We’re building bumpers to fit the AM14U. Since it has no mounting points on the cross brace, we made our bumpers like so: http://i.imgur.com/PPX7voA.png
The latches between each bumper slide into one another to support the bumpers in the middle, where there’s no support. The exposed wood at the end of each bumpers would be covered with fabric, but wouldn’t have a pool noodle backing: http://i.imgur.com/ixQKyuE.jpg
Does R21 mandate pool noodle everywhere? Is our current bumper setup legal?
That’s not a legal bumper per R21 if it has wood without noodles.
It doesn’t follow the prescribed bumper profile of wood backed pool noodles covered by fabric.
The section between the pool noodles will have to be the robot frame perimeter.
You need to attach the bumpers directly to the frame perimeter, and the latch itself probably shouldn’t protrude.
I agree. Not legal. The only thing that can be outside your frame perimeter is bumpers. Bumpers have the cross section in the figure, so what you have there is not a bumper at that point. Effectively you have a ‘hard’ part, that is not recessed a bumper’s width from the adjacent bumpers, which means you use that to your advantage.
For me the first challenge here is hard parts > 1" from frame perimeter (R21B) looking at the combined depth of your wood and latches, although I can’t tell from this whether you’re definitely over.

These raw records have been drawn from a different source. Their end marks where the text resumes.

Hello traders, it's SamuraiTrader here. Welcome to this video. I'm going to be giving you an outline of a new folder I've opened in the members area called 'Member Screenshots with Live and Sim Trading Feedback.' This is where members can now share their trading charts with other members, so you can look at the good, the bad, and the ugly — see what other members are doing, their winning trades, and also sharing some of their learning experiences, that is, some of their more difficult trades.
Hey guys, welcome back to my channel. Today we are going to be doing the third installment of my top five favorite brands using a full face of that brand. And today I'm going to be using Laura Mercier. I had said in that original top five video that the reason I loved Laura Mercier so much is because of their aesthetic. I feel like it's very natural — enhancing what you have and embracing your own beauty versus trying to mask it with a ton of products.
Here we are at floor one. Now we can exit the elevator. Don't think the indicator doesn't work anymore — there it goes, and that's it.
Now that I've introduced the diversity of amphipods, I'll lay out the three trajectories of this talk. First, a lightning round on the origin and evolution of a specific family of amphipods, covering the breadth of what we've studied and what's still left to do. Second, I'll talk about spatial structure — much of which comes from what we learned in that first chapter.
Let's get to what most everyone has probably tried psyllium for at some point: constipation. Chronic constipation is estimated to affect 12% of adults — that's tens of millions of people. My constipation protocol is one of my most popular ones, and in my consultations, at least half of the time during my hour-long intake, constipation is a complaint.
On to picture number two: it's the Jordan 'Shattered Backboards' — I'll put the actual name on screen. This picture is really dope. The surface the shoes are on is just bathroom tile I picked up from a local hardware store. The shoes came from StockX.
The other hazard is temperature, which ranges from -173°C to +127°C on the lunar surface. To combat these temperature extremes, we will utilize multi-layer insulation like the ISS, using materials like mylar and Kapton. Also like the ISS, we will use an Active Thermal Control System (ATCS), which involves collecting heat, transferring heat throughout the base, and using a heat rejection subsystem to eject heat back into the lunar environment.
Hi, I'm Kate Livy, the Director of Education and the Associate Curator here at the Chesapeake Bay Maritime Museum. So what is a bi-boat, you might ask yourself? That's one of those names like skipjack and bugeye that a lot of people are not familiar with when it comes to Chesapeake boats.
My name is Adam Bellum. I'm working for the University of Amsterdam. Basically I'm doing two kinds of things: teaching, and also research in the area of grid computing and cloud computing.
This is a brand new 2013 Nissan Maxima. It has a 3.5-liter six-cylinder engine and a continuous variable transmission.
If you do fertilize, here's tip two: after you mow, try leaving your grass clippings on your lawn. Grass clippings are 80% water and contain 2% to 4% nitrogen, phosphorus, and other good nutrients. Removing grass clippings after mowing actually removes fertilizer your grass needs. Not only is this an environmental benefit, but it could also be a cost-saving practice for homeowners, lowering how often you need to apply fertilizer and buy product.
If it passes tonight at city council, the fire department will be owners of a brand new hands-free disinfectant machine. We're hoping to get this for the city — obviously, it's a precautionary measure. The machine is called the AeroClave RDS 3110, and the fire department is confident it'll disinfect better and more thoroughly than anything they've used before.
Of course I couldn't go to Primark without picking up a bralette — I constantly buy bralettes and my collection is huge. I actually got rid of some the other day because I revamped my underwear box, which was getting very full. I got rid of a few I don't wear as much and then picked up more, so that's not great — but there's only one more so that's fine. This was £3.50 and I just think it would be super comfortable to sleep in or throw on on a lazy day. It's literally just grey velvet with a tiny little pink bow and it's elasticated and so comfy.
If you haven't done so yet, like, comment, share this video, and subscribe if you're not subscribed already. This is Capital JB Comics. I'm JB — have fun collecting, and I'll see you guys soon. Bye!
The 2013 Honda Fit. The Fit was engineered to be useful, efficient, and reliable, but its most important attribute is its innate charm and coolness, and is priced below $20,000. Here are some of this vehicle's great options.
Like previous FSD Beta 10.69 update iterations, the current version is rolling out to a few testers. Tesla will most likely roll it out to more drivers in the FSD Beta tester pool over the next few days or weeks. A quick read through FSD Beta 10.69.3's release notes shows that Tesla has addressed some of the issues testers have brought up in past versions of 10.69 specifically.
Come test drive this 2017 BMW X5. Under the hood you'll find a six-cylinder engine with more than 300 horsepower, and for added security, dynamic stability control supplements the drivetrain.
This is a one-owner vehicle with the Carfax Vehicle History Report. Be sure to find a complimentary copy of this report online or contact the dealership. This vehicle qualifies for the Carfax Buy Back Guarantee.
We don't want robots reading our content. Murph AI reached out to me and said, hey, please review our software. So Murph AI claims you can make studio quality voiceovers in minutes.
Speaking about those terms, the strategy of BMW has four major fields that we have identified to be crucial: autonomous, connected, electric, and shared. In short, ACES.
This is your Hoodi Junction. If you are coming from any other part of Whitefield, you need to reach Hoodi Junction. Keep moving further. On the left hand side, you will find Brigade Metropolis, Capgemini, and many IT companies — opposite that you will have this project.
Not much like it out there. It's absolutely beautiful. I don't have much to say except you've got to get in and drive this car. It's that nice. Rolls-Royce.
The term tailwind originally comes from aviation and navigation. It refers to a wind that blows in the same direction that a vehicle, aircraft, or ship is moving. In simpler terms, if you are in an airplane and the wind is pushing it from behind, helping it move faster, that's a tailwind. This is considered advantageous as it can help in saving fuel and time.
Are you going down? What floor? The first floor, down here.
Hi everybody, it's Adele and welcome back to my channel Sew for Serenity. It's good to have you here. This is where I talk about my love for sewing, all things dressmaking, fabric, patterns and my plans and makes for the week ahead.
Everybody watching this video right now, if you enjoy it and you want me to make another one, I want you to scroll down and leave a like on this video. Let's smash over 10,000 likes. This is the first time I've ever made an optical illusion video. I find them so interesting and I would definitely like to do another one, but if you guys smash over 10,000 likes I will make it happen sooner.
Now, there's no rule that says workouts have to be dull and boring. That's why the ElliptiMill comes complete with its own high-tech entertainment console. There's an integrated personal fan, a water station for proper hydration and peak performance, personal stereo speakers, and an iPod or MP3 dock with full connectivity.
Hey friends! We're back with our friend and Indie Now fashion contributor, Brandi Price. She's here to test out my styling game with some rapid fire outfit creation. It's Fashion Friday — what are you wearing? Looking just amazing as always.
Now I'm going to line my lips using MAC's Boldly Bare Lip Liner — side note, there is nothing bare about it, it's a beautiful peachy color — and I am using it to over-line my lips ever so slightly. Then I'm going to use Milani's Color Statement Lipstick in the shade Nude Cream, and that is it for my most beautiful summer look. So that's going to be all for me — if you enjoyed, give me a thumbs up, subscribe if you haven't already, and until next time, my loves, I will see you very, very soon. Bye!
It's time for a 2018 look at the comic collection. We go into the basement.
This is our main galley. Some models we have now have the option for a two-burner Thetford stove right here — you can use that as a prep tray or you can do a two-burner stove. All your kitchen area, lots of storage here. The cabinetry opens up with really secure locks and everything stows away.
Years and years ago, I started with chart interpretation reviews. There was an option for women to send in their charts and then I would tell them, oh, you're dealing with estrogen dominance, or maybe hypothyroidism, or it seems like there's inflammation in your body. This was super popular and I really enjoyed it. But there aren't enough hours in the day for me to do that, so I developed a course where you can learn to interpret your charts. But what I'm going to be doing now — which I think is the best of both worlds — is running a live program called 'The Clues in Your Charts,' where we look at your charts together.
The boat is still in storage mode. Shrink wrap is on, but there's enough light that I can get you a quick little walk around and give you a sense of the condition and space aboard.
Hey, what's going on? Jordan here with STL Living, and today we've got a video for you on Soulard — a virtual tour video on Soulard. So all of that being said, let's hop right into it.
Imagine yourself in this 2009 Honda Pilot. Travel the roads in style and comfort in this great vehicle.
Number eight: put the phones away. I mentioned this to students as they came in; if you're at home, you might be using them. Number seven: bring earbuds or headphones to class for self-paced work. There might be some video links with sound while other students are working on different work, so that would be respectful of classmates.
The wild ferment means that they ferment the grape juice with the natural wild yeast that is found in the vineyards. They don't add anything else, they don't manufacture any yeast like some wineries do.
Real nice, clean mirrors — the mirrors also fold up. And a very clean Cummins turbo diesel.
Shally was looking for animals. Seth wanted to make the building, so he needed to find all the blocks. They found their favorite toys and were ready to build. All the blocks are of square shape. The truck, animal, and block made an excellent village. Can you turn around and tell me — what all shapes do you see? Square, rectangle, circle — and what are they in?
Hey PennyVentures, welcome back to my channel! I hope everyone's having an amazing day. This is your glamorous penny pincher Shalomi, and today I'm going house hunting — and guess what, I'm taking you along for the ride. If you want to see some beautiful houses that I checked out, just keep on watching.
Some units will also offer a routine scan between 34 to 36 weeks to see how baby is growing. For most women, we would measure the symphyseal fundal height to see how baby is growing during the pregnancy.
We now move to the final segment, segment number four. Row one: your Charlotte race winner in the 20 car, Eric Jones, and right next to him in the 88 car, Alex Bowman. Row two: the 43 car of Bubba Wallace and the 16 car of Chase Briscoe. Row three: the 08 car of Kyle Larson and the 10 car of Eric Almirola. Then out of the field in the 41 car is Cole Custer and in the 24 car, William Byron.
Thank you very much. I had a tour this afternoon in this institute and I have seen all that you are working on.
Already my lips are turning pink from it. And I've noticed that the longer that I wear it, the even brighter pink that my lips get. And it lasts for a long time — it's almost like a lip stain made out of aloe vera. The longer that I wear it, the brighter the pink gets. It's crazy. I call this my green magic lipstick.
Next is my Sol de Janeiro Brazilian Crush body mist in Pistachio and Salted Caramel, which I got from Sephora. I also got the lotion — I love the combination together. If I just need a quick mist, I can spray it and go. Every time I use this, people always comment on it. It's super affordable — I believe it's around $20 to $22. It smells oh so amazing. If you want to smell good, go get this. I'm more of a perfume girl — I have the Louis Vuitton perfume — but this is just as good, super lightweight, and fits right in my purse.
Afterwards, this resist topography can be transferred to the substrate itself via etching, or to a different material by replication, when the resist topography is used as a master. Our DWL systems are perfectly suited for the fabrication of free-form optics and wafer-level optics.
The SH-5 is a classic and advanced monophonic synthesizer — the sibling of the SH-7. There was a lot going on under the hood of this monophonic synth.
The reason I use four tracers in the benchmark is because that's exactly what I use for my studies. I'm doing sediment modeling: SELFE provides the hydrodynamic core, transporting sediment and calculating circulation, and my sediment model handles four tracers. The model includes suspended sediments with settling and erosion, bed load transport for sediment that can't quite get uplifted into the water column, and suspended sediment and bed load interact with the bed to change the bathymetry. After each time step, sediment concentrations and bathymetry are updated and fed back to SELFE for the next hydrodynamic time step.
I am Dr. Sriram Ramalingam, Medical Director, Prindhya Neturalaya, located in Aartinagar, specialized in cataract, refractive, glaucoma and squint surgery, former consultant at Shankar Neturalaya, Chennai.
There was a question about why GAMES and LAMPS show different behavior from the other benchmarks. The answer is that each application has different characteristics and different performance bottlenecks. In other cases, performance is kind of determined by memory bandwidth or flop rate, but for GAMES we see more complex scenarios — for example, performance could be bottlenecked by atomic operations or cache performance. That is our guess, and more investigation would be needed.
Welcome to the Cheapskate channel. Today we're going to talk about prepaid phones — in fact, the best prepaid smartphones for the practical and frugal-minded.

I’m not seeing anything explicit in the rules on excess wood tangent to and supported by the frame perimeter on non-corner ends within the R21B depth, as the rules focus a lot on the corners, but the cross section problem is probably enough to mean you need a new plan.
Now, if you moved 'em inside and then covered the outside with pool noodles and fabric, you’d have a pretty decent shot at passing–assuming those latches are strong enough to keep the bumpers mounted when paired with the rest of the system.